### ABOUT THIS TASK:
Every record gets copied exactly, and no picture goes with it.

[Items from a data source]
------------------------------

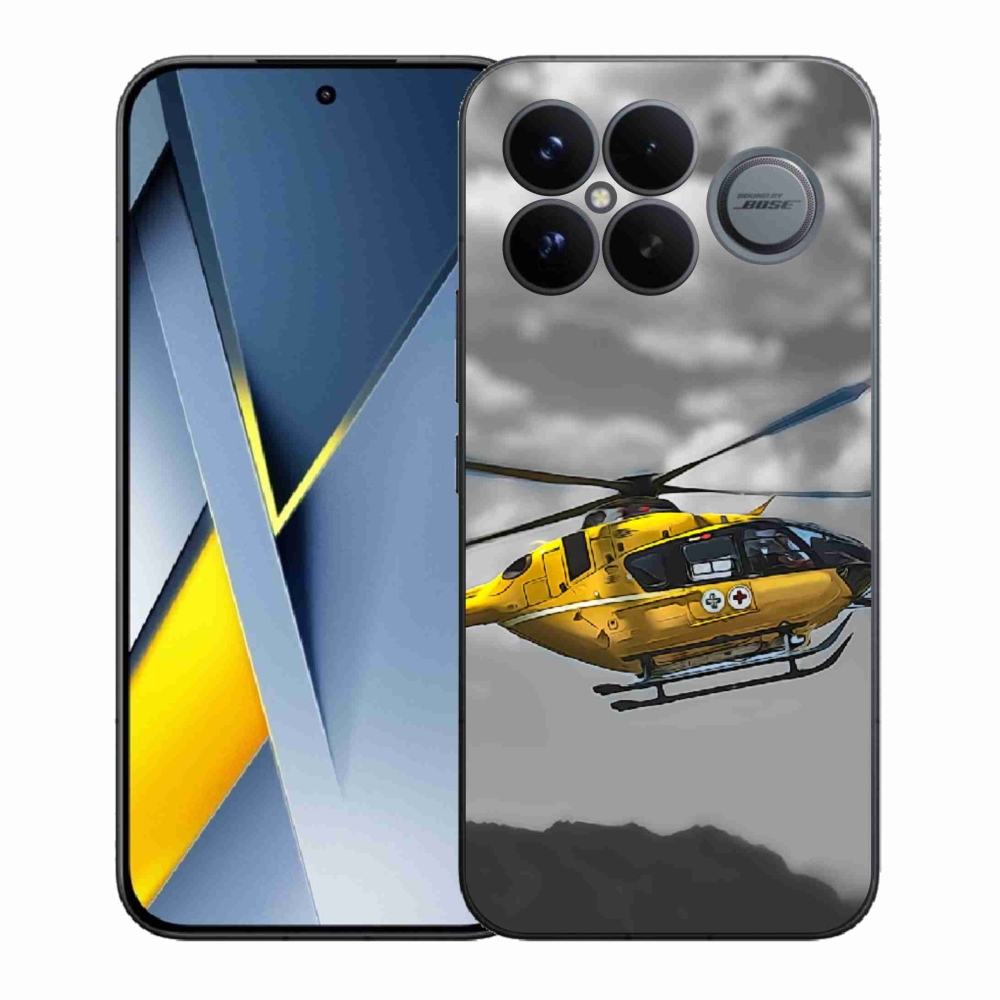 Gélový kryt mmCase na Xiaomi Poco F8 Ultra - žltá helikoptéra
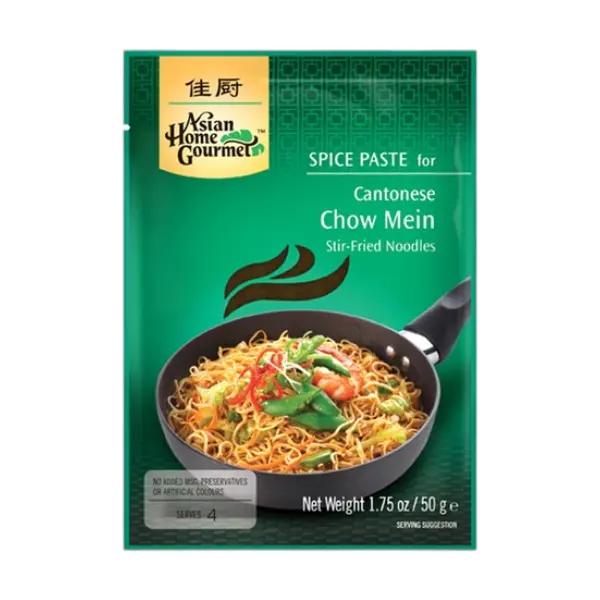 Pâte pour Nouilles Chow Mein - 50 GR ASIAN HOME GOURMET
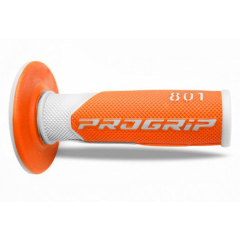 Грипсы Progrip 801-242 White-Orange Fluo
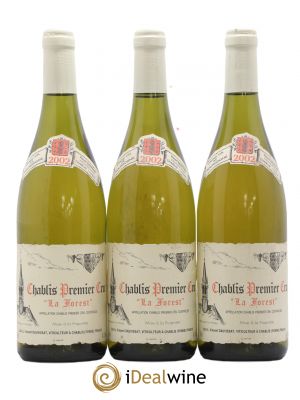 Chablis 1er Cru La Forest Vincent Dauvissat (Domaine)  2002 - Lot of 3 Bottles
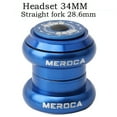 thumbnail image 4 of Mountain Road Bike 34-34mm Headsets 1-1/8\" Threadless Double Bearing Silver, 4 of 8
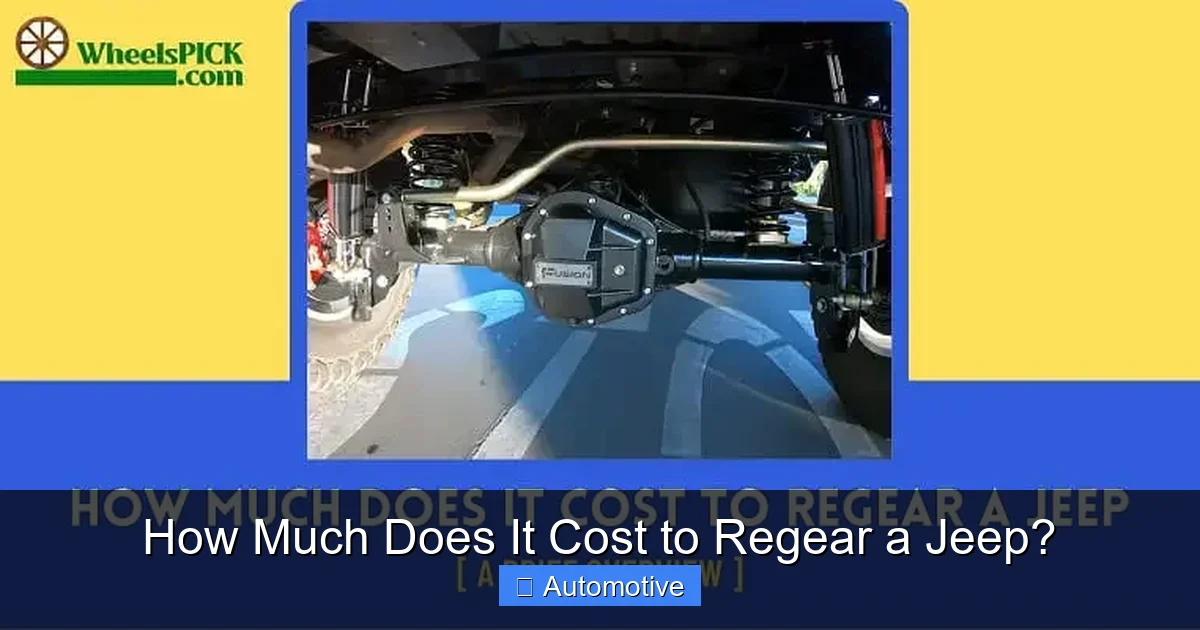 How Much Does It Cost to Regear a Jeep?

------------------------------

### ANSWER BELOW:
 Gélový kryt mmCase na Xiaomi Poco F8 Ultra - žltá helikoptéra
 Pâte pour Nouilles Chow Mein - 50 GR ASIAN HOME GOURMET
 Грипсы Progrip 801-242 White-Orange Fluo
 Chablis 1er Cru La Forest Vincent Dauvissat (Domaine)  2002 - Lot of 3 Bottles
 thumbnail image 4 of Mountain Road Bike 34-34mm Headsets 1-1/8\" Threadless Double Bearing Silver, 4 of 8
 How Much Does It Cost to Regear a Jeep?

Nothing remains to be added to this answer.